North Nikiski, Alaska

2012

A couple of years ago, shortly after Christmas, my friend, Dolores, had a long days adventure. Her weekly shopping expedition with an endless list and many of stops, included lots of groceries from a large chain store. Amongst the bags and bags of groceries was a large batch of vine ripened and expensive, Anchorage raised, nursery tomatoes.

Another stop was at another retailer, to purchase one of those 3-tier hanging wire contraptions that are so handy around the kitchen. By the time Dolores got home from her marathon shopping trip and unloaded her car she had no interest in picking a spot to hang her fine new basket so she just looped the hook onto an upper kitchen cabinet handle.

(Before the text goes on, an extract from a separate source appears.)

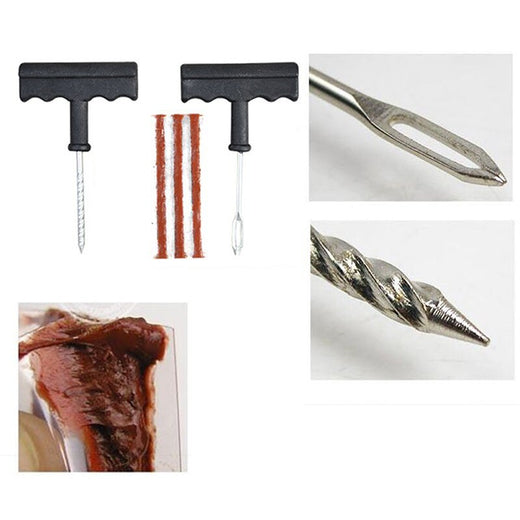 Tubeless Tire Repair Kit — Fast Puncture Plug for Car,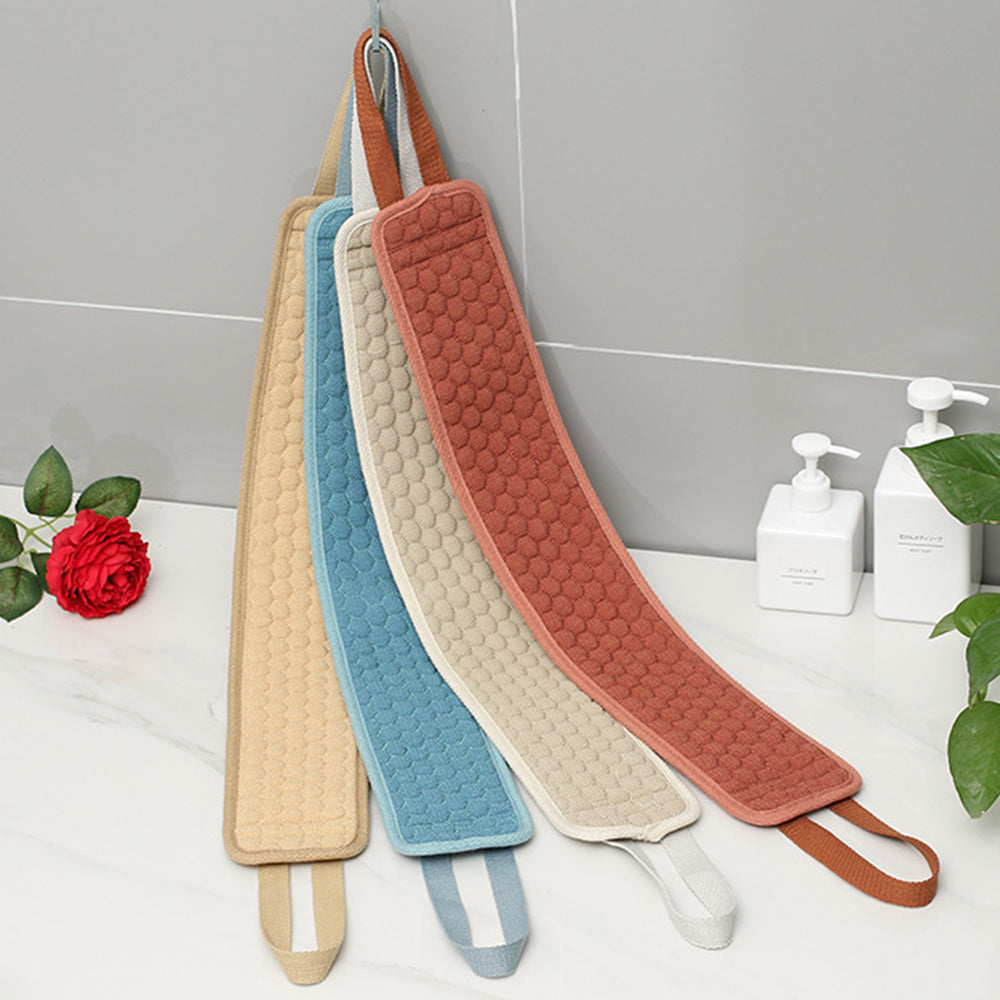 1 Set Fiber Cloth Body Exfoliating Bath Towel Back Skin Scrubber Strap Shower Bath Glove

Just the perfect counter-top height to set her fine batch of tomatoes in one of the tiers for the night.

Fast forward a couple of hours when she walked by the tier hanger and saw one of the beautiful tomatoes had a hole about as big as her thumb, out the side of it. Strange, she thinks, oh well! Out the door goes the tomato.

Another hour or two passed with another inspection she sees a second tomato has an even bigger hole. “Well,” she says to herself “That just isn’t right and how dare they sell wormy, diseased tomatoes!”

Splat out the door goes the second tomato followed by a very disturbed Dolores phoning the produce department of that store and huffily said to them, “Did you know you have worms in your Anchorage, vine ripened, nursery tomatoes? You better go inspect the rest of them and I want my money back the next time I get to Soldotna!”

Being afraid that worms might be fixing to start crawling around ,she took the rest of the bunch of tomatoes and pitched them out the door into the woods to join the rest.

In between the wormy tomato discoveries, she had made a batch of Zucchini Lasagna. Baked and out of the oven, she cut herself a big serving and left the rest on the counter to cool. After all the tomatoes had been pitched out the door and her tummy happy from the lasagna, she kicked back in her recliner, when she just happens to look up and a guess what?? Yep, a big fat shrew was racing across the top of the divider ledge! After numerous screeches out of her and setting a passel of mouse traps, she noticed that one of the zucchini rounds was missing from the top of the other end of the lasagna pan! Well, she wonders, how did that glob of fat fur managed to eat a scalding hot morsel so fast? That-she will never know!

However the mystery of the ‘wormy tomatoes’ had now been solved. Seems the fat furry thing was having his salad while his entrée was baking! The pan of lasagna was dumped in the garbage with much regret. One might wonder how the heck a shrew managed to pole vault 43 inches up onto the top of that ledge and thus have access to the kitchen counter on the other side. Well, all Mr. Shrew had to do was climb up the stack of boxes of Christmas decorations that were sitting on one side of that ledge waiting to be stored away for another year.

Epilogue: Shrew was trapped and dead before the evening was over and Dolores has learned not to leave human made ladders that will entice any four legged critters to go exploring, especially around the kitchen. Since ‘Better Late than Never’ is a wonderful motto, she wants to sincerely apologize to the poor produce person who received the irate phone call about their ‘wormy tomatoes’.

 

Dolores added: – I’ll talk about the bag of dried red beans another time!

 

Thank you Dolores! I hope the produce person reads this!